About the Author:
Coco Fusco is a New York-based interdisciplinary artist and Director of Graduate Study for the Visual Arts Division at Columbia University's School of the Arts. Fusco has curated exhibitions and public programs for London's ICA, The Brooklyn Museum, and several other venues. Brian Wallis is Director of Exhibitions and Chief Curator at the International Center of Photography. In addition to authoring many books on contemporary art, he has contributed to numerous publications, including Artforum, Art in America, Aperture, the Washington Post, the New York Times, and the Village Voice. He has taught at Yale University, Williams College, New York University, and the City University of New York.
From Publishers Weekly:
From its very beginnings, photography has been inextricably linked with racial typography, pornography, commodification and exploitation. This deeply questioning collection of 300 color photos and illustrations, along with essays, accompanies a national touring exhibition curated by the International Center of Photography's Wallis and artist Fusco (The Bodies that Were Not Ours). The collection exhumes and re-examines the "dark" underbelly of American race relations as related by historical photographs, and along the way makes valuable re-discoveries, including that the "Migrant Mother" in Dorothea Lange's celebrated Depression-era photograph, Florence Thompson, was of Cherokee descent.
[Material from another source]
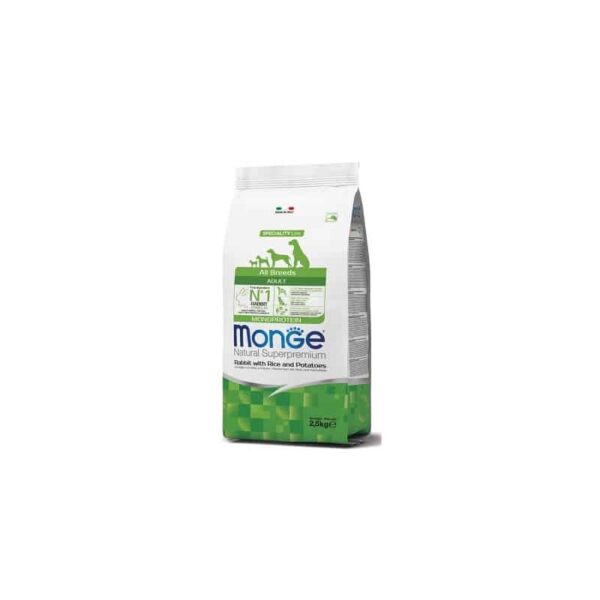 Monge Spec. Line Monoprotein All Breeds Adult sausas maistas su triušiena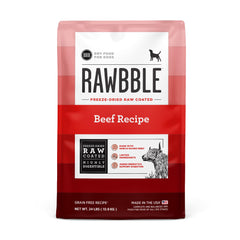 BIXBI Rawbble freeze-dried beef coating provides a protein boost for dogs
Aleta M. Ringlero relates how one response to her research on "Prairie Pinups," erotic photographs of American Indian women, was "we like to forget those kinds of photographs are in our collection." Demonstrating the book's intent to raise questions, not bury them, the contributors are allowed to disagree with each other: Kobena Mercer ultimately finds that Robert Mapplethorpe's photographs of black men "can be seen as a subversive deconstruction of the hidden racial and gendered axioms of the nude," while Lauri Firstenberg finds them "a contemporary example of photography's categorization and classification of subjects by stereotype." Despite their number, however, the images are underplayed-sparsely scattered through texts and printed small, they are left largely unexplained (in fact, the footnotes, placed directly underneath the photographs, are easily mistaken for captions) and photographs cited in the texts often seem not included. It will be a disappointment to many readers that the actual photographic evidence, difficult as it is to look at, is not an equal partner in this much-needed examination of the painful histories behind American identity.